Where Mortgage Rates Stand Today
According to Freddie Mac’s Primary Mortgage Market Survey for the week ending April 23, 2026, the 30-year fixed-rate mortgage averaged 6.23% — the lowest level in the last three spring homebuying seasons. The 15-year fixed averaged 5.58%. Daily rate trackers show slight upward pressure this week ahead of the FOMC decision, with Mortgage News Daily’s index for April 28 showing the 30-year fixed at 6.38% — two-week highs.
That pre-meeting volatility is normal. Markets reposition ahead of FOMC days regardless of how predictable the outcome is.

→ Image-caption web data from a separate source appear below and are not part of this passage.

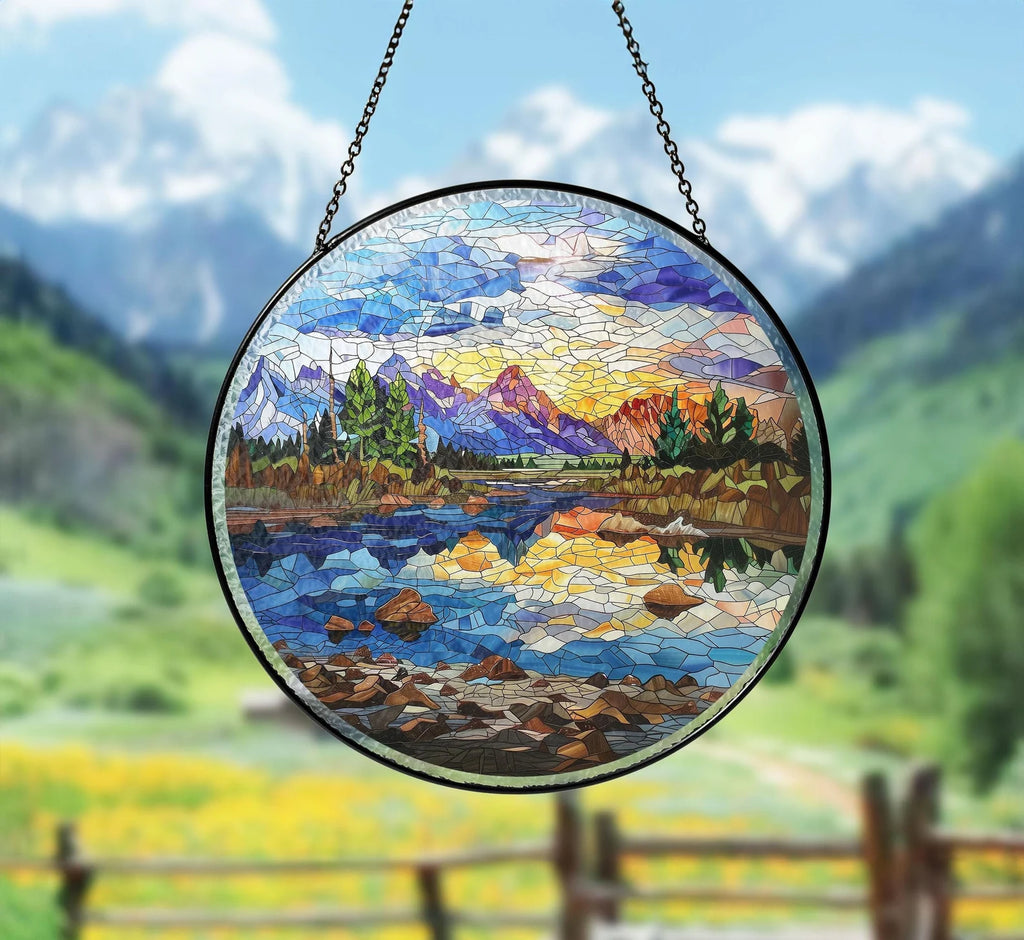 Grand Teton National Park Glass Suncatcher, US National Park Glass Art, Mountain Window Hangings, Hiker Gift, Window Decor, Christmas Gifts. SCBILUMIE25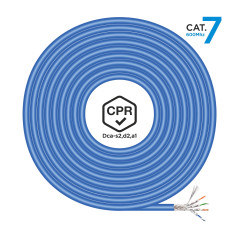 CABLE DE RED RJ45 LSZH CPR DCA CAT.7 600 MHZ S/FTP AWG23, AZUL, 100 M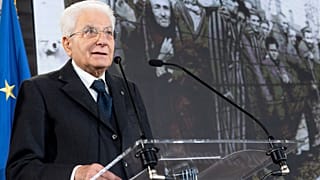 Italian President Sergio Mattarella delivers his speech in Rome Friday, Jan. 26, 2024. 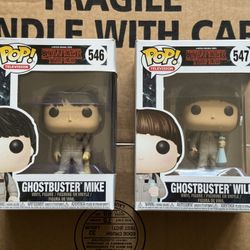Funko Pop:  Stranger Things Ghostbusters Mike (#546) & Ghostbusters Will (#547)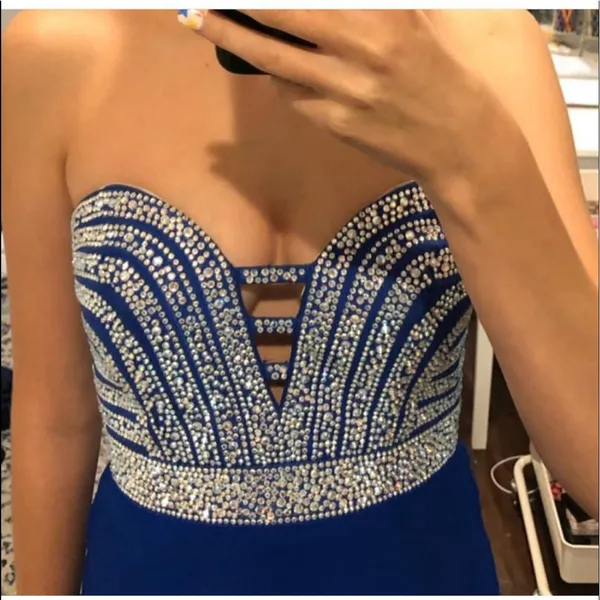 Night Moves Strapless Prom Dress - Image 3
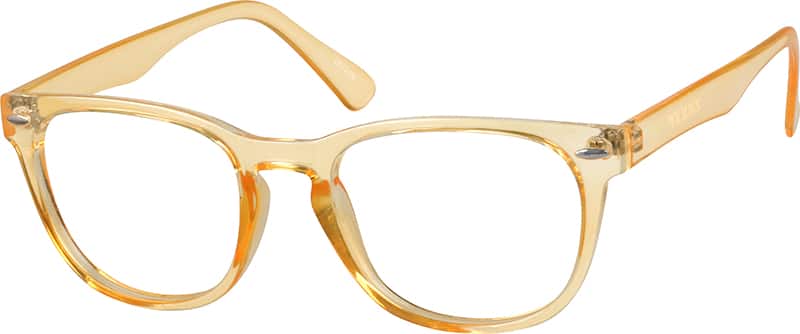 Angle view of Square Glasses 287215 in Orange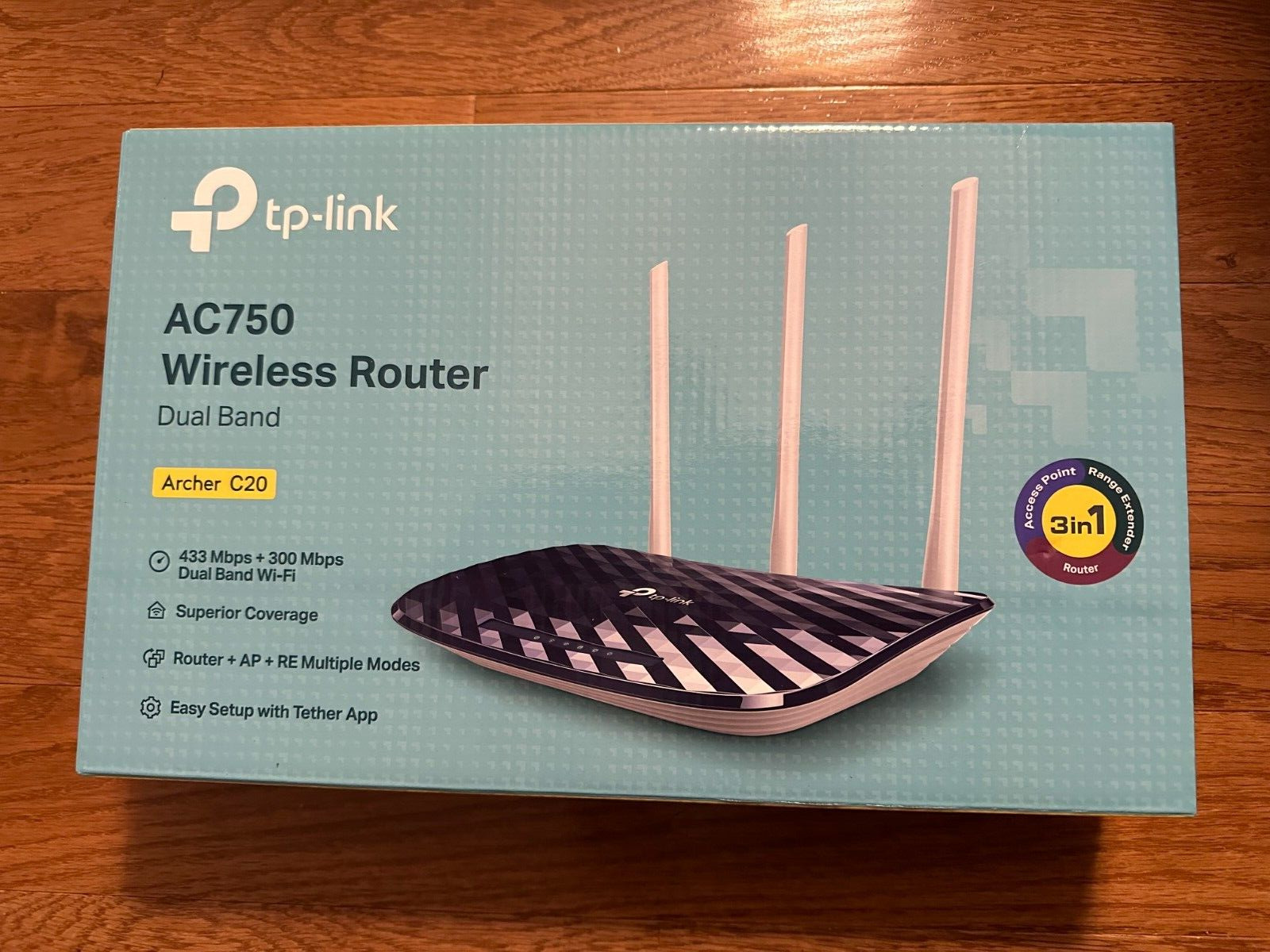 TP-Link AC750 Wireless Dual Band WiFi 5 Router- Archer C20
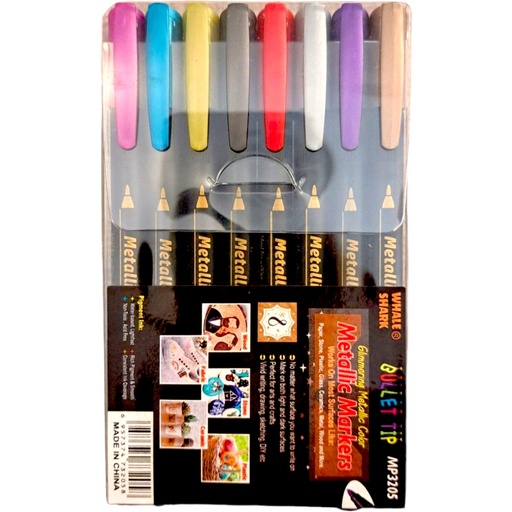 [6957374732058] Metallic Markers 8 Colours (Bullet Tip) - MP3205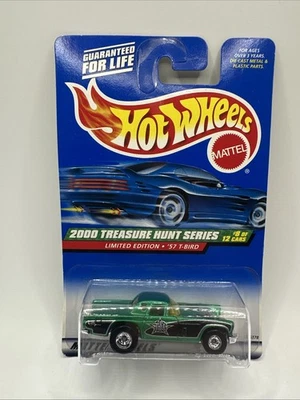Hot Wheels 2000 Treasure Hunt #8/12 1957 '57 Ford T-Bird Green with Real Riders - Image 1 of 3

The more meaningful number is the trend: 30-year rates have been gradually working lower from the 7%+ peak of late 2023, but the pace of decline has slowed considerably as the market’s view of total Fed easing has shrunk.
For buyers comparing loan structures, the gap between 30-year and 15-year fixed rates is currently around 65 basis points. Whether that spread justifies the higher monthly payment of a 15-year mortgage depends on the buyer’s situation — the trade-off is laid out in detail in our guide on 30-year vs. 15-year mortgages.
What the March 2026 Dot Plot Implies for Mortgage Rates
The dot plot is the visual summary from the Federal Reserve’s quarterly Summary of Economic Projections, showing where each of the 19 FOMC participants expects the federal funds rate to be at year-end. The official source is the Federal Reserve’s March 18, 2026 SEP. Here is what it showed:
- Year-end 2026 median: 3.4% — implying one 25-basis-point cut from current levels.
- Year-end 2027 median: 3.125% — one additional cut next year.
- Longer-run rate: 3.125% — drifted up to its highest level since 2016.
The CME FedWatch Tool, which reflects what the futures market is actually pricing, is somewhat more cautious. Prediction markets put the highest probability on zero cuts in 2026 (roughly 40%), with one cut at 28% and two cuts at 16%. Either way, more than one cut this year is now considered unlikely.
For mortgage rates, the implication is straightforward: if the dot plot is roughly right, mortgage rates likely stay in the 6.0%–6.5% range through the rest of 2026, with potential to drift toward the high 5s in 2027 if inflation cooperates. If the more cautious FedWatch view plays out, the move lower is even smaller.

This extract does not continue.